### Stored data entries
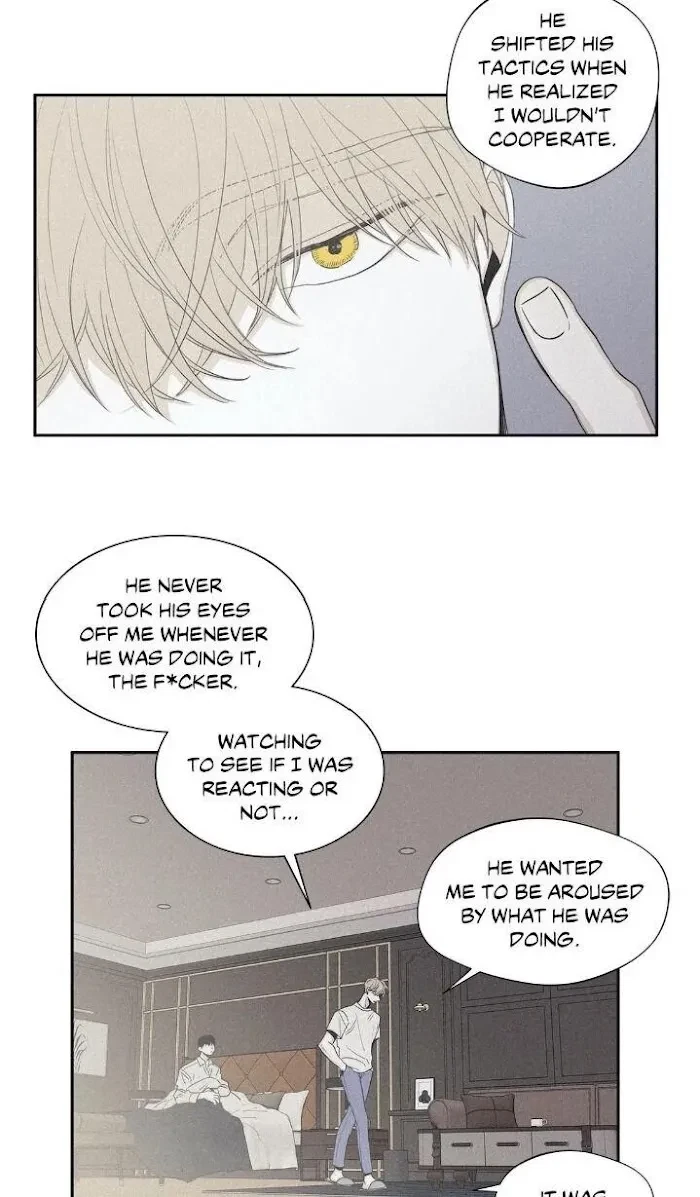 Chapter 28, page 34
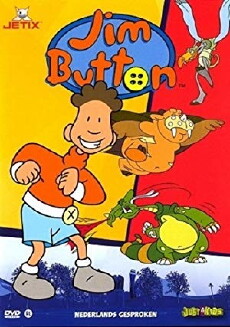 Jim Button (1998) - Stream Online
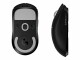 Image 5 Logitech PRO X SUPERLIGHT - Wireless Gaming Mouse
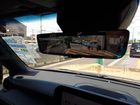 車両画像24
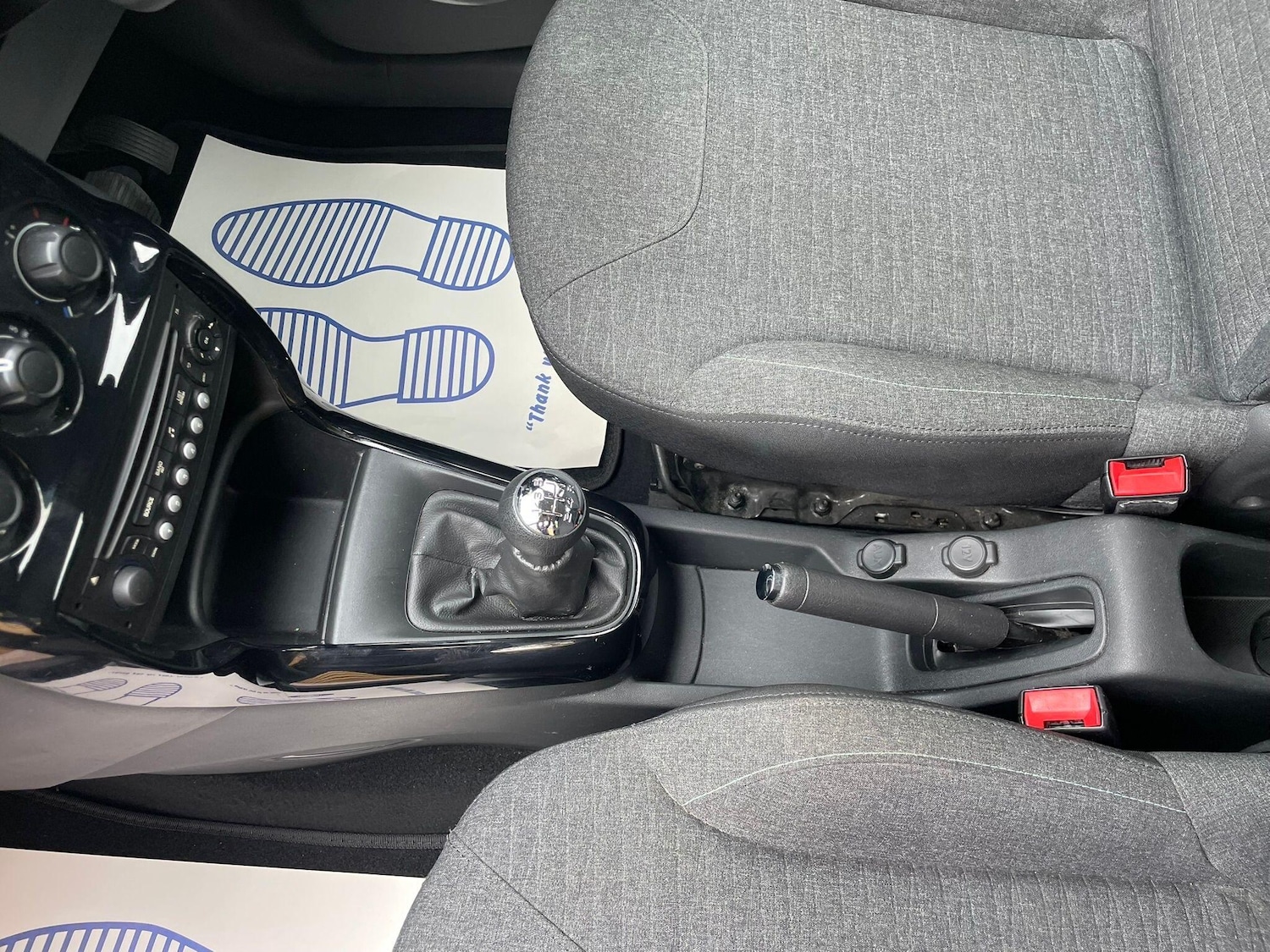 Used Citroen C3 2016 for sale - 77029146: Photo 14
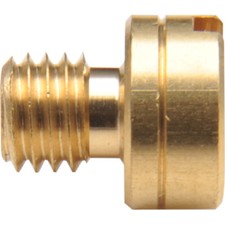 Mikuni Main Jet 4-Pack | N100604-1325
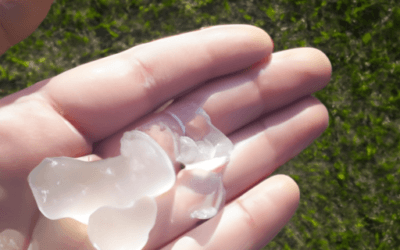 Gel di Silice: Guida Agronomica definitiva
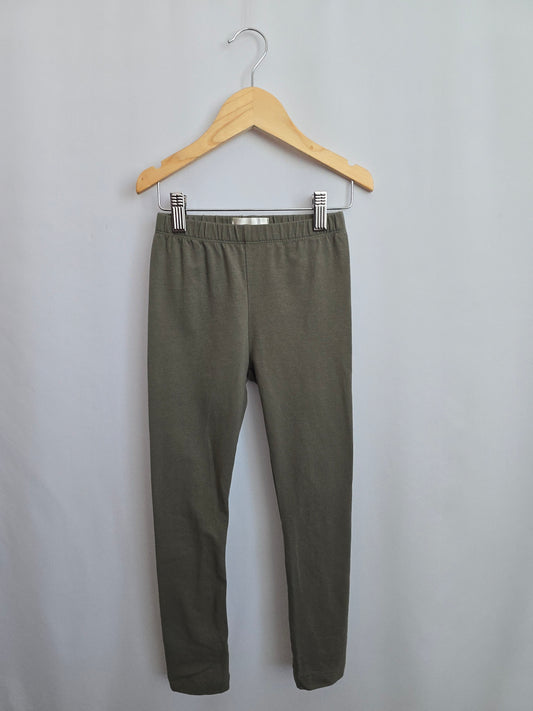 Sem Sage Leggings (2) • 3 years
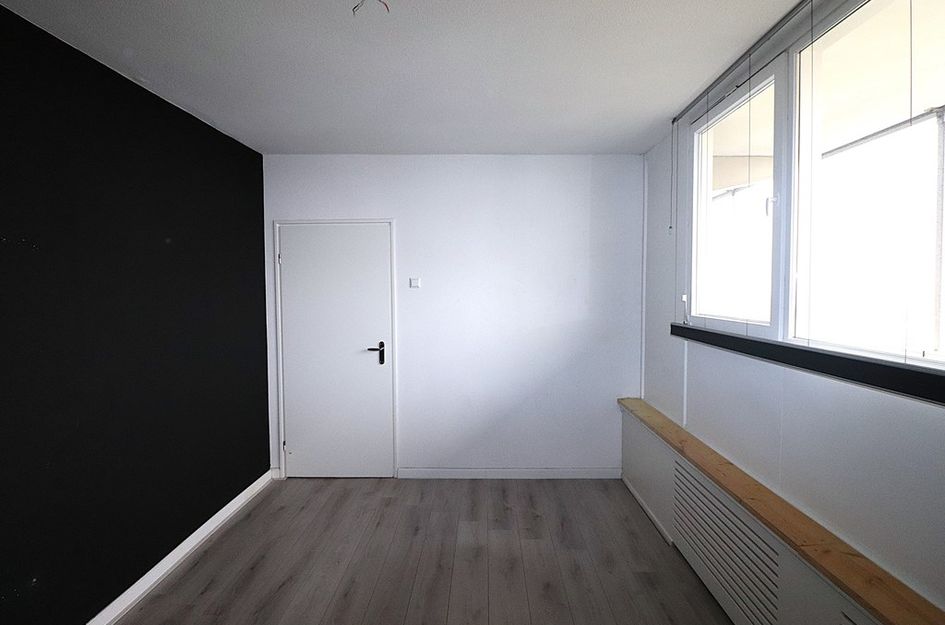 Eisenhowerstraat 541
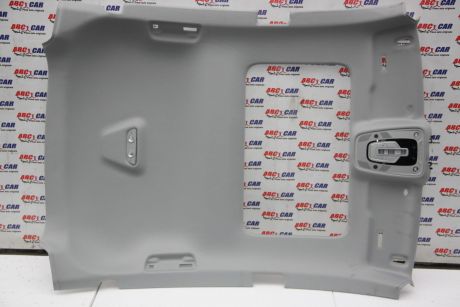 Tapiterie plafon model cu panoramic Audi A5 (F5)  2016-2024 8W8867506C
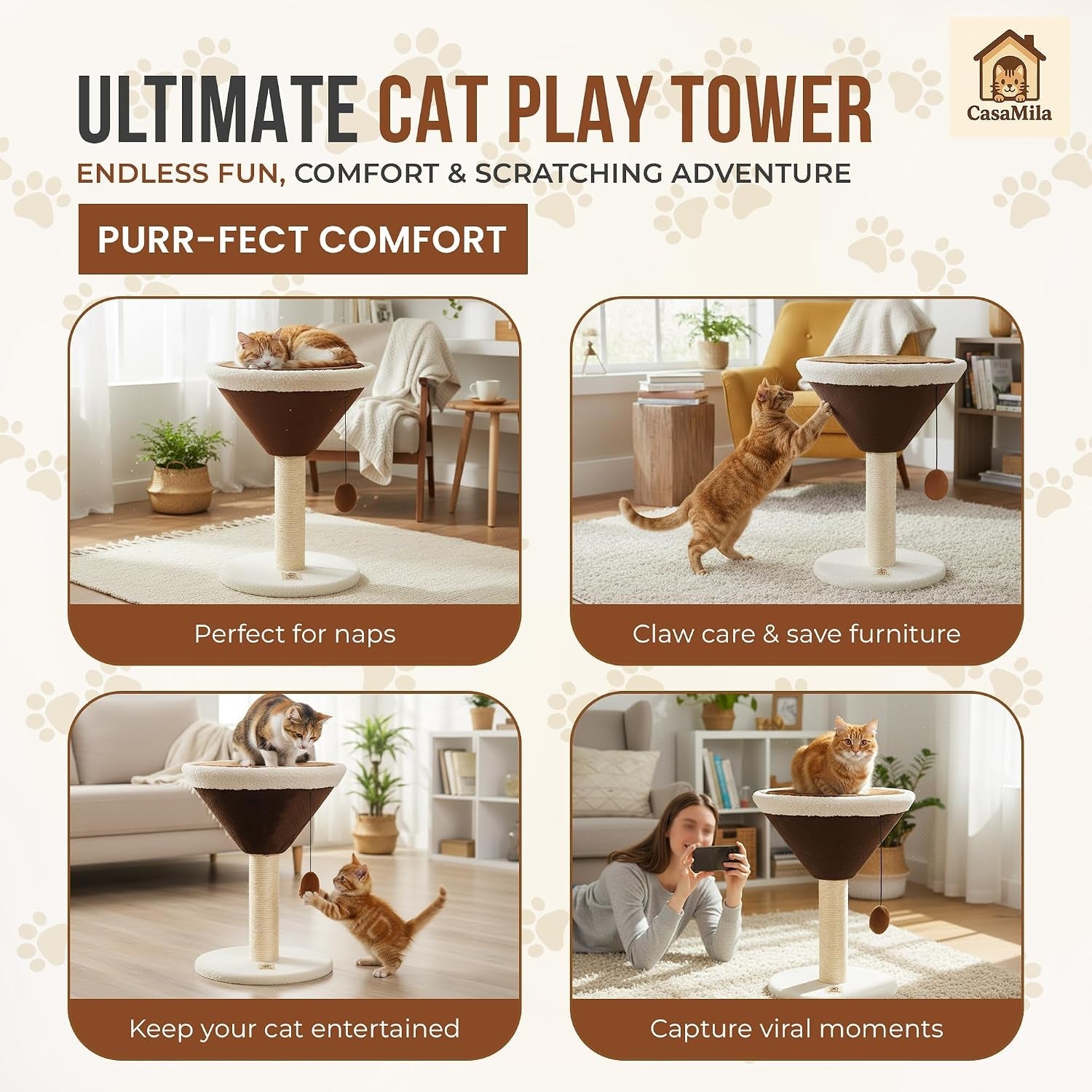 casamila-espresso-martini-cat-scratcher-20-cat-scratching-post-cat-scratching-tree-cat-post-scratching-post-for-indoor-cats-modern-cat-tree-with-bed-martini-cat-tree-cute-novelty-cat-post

### Description of the task
Output each line exactly as shown above; no pictures go in the copy.

### Written solution
 Chapter 28, page 34
 Jim Button (1998) - Stream Online
 Image 5 Logitech PRO X SUPERLIGHT - Wireless Gaming Mouse
 車両画像24
 Used Citroen C3 2016 for sale - 77029146: Photo 14
 Mikuni Main Jet 4-Pack | N100604-1325
 Gel di Silice: Guida Agronomica definitiva
 Sem Sage Leggings (2) • 3 years
 Eisenhowerstraat 541
 Tapiterie plafon model cu panoramic Audi A5 (F5)  2016-2024 8W8867506C
 casamila-espresso-martini-cat-scratcher-20-cat-scratching-post-cat-scratching-tree-cat-post-scratching-post-for-indoor-cats-modern-cat-tree-with-bed-martini-cat-tree-cute-novelty-cat-post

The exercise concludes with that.